Short descriptive text snippets:
════════════════

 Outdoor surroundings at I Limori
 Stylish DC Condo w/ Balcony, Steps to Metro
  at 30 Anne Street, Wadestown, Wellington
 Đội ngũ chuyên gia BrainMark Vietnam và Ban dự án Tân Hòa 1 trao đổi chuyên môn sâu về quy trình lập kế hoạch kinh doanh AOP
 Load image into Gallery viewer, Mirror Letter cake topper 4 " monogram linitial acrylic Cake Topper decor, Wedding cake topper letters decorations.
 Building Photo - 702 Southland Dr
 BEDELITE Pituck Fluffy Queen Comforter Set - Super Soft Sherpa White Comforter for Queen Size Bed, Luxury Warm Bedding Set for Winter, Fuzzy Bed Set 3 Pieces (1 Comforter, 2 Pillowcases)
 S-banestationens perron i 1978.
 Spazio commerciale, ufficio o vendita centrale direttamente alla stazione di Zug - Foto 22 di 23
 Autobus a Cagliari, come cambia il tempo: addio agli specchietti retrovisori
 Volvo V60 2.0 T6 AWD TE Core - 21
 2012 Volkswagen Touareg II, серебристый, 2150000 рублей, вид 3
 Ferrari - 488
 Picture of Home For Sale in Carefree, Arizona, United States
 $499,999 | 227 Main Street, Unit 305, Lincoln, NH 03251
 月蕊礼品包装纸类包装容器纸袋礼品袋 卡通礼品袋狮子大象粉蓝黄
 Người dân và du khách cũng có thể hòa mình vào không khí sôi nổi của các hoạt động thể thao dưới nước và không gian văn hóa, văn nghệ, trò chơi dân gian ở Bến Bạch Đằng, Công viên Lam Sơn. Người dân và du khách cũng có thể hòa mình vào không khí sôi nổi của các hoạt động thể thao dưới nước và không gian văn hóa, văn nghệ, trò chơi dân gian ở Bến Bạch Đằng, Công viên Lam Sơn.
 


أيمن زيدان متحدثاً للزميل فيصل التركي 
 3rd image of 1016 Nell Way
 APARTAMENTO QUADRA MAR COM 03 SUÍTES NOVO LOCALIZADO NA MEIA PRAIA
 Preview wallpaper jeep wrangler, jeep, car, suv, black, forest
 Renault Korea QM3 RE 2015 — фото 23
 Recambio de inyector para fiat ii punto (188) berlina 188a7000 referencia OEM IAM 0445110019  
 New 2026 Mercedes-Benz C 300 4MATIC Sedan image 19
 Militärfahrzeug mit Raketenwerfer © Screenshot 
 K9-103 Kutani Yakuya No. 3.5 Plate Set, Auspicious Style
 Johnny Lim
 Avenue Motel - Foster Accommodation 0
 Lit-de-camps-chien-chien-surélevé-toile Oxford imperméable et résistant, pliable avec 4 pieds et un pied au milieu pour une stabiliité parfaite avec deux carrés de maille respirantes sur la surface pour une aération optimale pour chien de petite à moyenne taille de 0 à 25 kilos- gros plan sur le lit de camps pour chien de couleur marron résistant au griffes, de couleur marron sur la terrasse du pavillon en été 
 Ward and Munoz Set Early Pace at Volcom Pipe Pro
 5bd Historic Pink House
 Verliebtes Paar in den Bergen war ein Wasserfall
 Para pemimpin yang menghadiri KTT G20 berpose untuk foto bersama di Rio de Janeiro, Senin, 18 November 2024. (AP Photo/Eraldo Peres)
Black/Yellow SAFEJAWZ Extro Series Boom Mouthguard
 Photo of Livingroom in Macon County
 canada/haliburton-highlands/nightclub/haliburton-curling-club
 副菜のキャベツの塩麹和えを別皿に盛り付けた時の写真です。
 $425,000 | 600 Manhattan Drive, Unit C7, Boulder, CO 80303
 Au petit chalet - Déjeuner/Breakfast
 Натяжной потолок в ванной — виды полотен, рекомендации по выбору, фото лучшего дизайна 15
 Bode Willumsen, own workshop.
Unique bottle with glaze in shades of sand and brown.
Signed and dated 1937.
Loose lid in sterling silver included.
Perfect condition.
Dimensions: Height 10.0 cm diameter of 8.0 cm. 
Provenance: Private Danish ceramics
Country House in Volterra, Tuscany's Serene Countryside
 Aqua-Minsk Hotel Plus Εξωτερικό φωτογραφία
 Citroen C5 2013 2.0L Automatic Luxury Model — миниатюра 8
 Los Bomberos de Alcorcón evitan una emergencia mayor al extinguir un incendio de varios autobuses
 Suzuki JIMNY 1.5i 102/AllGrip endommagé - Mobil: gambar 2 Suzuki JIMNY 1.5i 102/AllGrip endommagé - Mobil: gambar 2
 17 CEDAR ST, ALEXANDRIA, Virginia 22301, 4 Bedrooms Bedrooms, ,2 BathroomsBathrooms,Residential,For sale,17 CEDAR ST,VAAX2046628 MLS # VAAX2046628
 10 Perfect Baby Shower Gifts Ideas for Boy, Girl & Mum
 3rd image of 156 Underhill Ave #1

════════════════

§ Exercise directions: Every line above from the line with "Building Photo - 702 Southland Dr" to the line with "Ferrari - 488", inclusive, must be returned exactly; no other line belongs in the reply.

§ Output:
 Building Photo - 702 Southland Dr
 BEDELITE Pituck Fluffy Queen Comforter Set - Super Soft Sherpa White Comforter for Queen Size Bed, Luxury Warm Bedding Set for Winter, Fuzzy Bed Set 3 Pieces (1 Comforter, 2 Pillowcases)
 S-banestationens perron i 1978.
 Spazio commerciale, ufficio o vendita centrale direttamente alla stazione di Zug - Foto 22 di 23
 Autobus a Cagliari, come cambia il tempo: addio agli specchietti retrovisori
 Volvo V60 2.0 T6 AWD TE Core - 21
 2012 Volkswagen Touareg II, серебристый, 2150000 рублей, вид 3
 Ferrari - 488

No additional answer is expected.